Yes, people get kicked off the island (it’s Manhattan!), people get immunity each challenge, people get prizes, and only 1 lucky winner gets to be called the next America’s Top Model American Idol Food Truck Foodie Trucker Apprentice Top Designer. So yes, there’s pressure, and people losing their cool.

And that’s where Tim Gunn comes in.

What makes this show different is that there’s this impartial person who’s EVERYBODY’S BUDDY – he’s not a judge (although, with the ‘Tim Gunn Save’, he can veto one elimination per season now), he’s a mentor. He’ll walk into the work room and work the room, going from bench to bench, asking each designer how they’re doing, hearing out his/her design, and giving feedback, be it technical, aesthetic, or emotional.

He’ll give hugs AND he’ll give tough love. He’ll give his opinion AND he’ll tell you to show the judges who you really are. Be authentic? We need to hear more of that message! Signature phrase? Make it work! TIM GUNN FOR PRESIDENT!

And that’s what Tim Gunn does.

And that’s what a ScrumMaster does.

She gives hugs AND she gives tough love. She gives her opinion AND she tells you to show the Product Owner who you really are. Make it work!

(Oh boy… and now to apply this to ScrumOfOne…) And this is what I do.

I give myself hugs AND I give myself tough love. I give me my opinion AND I tell myself to show me who I really am. Make it work!

Yes, you’re right – that doesn’t translate as cleanly, and maybe it’s partially because the notion of coaching yourself is inherently paradoxical.
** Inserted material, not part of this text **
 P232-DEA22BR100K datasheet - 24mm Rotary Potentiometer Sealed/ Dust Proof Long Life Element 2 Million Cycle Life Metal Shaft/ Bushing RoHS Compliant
Balancing what you want (“More!” says the Product Owner) and what you need (“Less!” says the ScrumMaster) is why there are two different people taking on these forces in a normal Scrum team. This echos the struggle of an artist: More! / the drive to keep working on it until it is perfect, versus Less! / the need to stop working on it and then share it with the world. So, yes, you’re right – it’s not easy.
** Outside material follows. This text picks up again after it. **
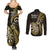 new-zealand-darts-couples-matching-summer-maxi-dress-and-long-sleeve-button-shirts-happiness-is-a-tight-threesome-maori-gold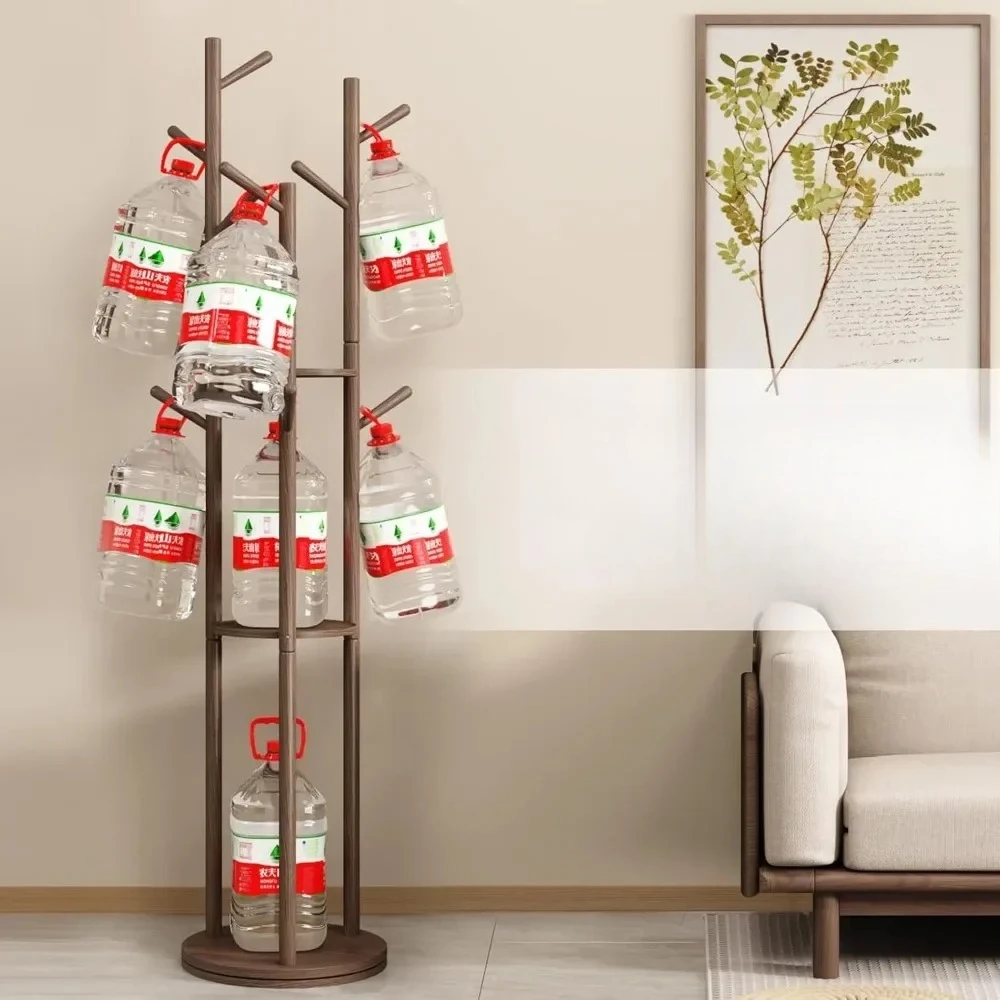 #For Rotary Coat Rack, Wooden Coats Rack Freestanding with 3 Shelves and 9 Hooks, Coats Tree, Sturdy and Easy Assembly Coat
And that’s why I forgive myself when I fall off what feels like a ScrumOfOne Wagon. Moving, getting married, settling into a new home, plowing through a couple of Ruby books, getting sick a couple of times, closing out the storage unit, all in a couple of months, means I’ve been way more focused on the ‘now’, and barely looking into the ‘next’ / short-term future.

So this is how I forgive myself for falling off the ScrumOfOne Wagon… by writing a blog post about forgiving myself. How self-serving. (Kinda like this whole blog. There. I said it.)
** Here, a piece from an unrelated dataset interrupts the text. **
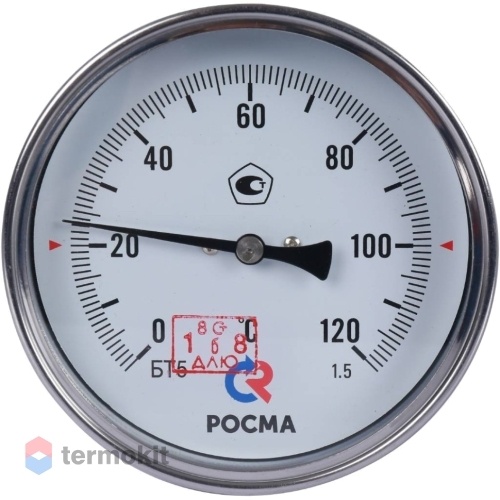 РОСМА Термометр БТ-51.211 (0-120 С) G1/2 100мм, длина штока 64мм. биметаллический, осевое присоединение, с защитной гильзой, КТ1,5.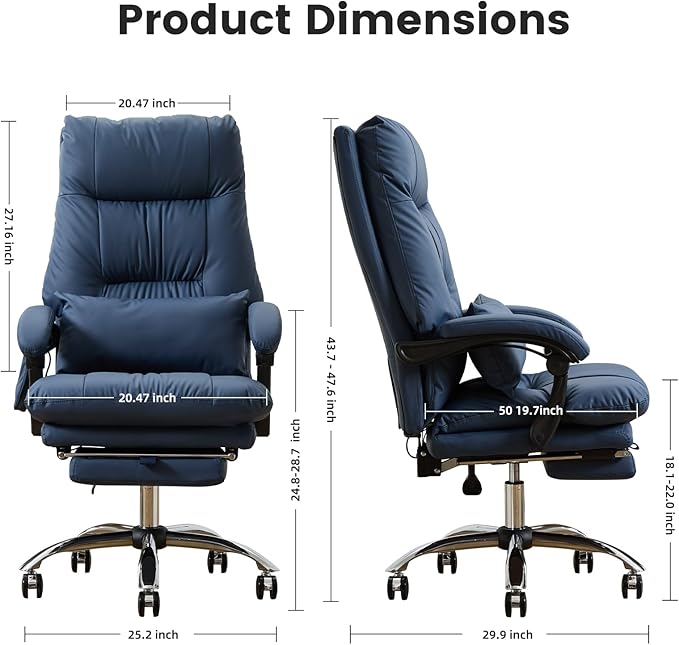 Massage Office Chair with Foot Rest,6 Points Vibration, Executive Office Chairs Tall Office Chair,Ergonomic Reclining Desk Chair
And this is where my inner Tim Gunn comes in.

I give myself a hug.

Thanks, me.

(I’m welcome. Now pull myself together and stop talking to myself. Make it work!)


Don’t do it.

Getting married and moving in the same month? Yeah, take it from me, kids: don’t do it.

Especially if you’re moving into a place where the previous tenants left it in a state that was… less than desired, such that you’re applying elbow grease to a welcoming layer of grime in places. Yes, I chose this place as our new home since it was available, in our price range, larger, and walkable to a great number of centers of activity in Cambridge – killer & quiet location.

To apply a Scrum lense, it’s been an interesting exercise in Product Ownership. We moved in while still dealing with our wedding planning, so after some initial settling, we put further nesting on pause to deal with the wedding …aaaaand now we understand why folks plan weddings for a living.

(That said, ours kicked ass. Biggest reason it all came together? Friends who pulled more than their fair share of logistics, like moving tables, setting chairs, manning the bar, solemnizing, and running the three-legged races. Want to have a low-key, high-fun, close-knit, kick-ass wedding? Have great friends.)

Speaking of planning, our honeymoon was wonderfully unplanned. We stayed local, slept 14 hours the first night back, which meant we woke up to… boxes, which meant we couldn’t help but clean and unpack and paint the place. On our freakin’ honeymoon. Not my ideal, but again, an interesting exercise in Product Ownership and balancing priorities.

Good thing I’m extending this honeymoon. Indefinitely.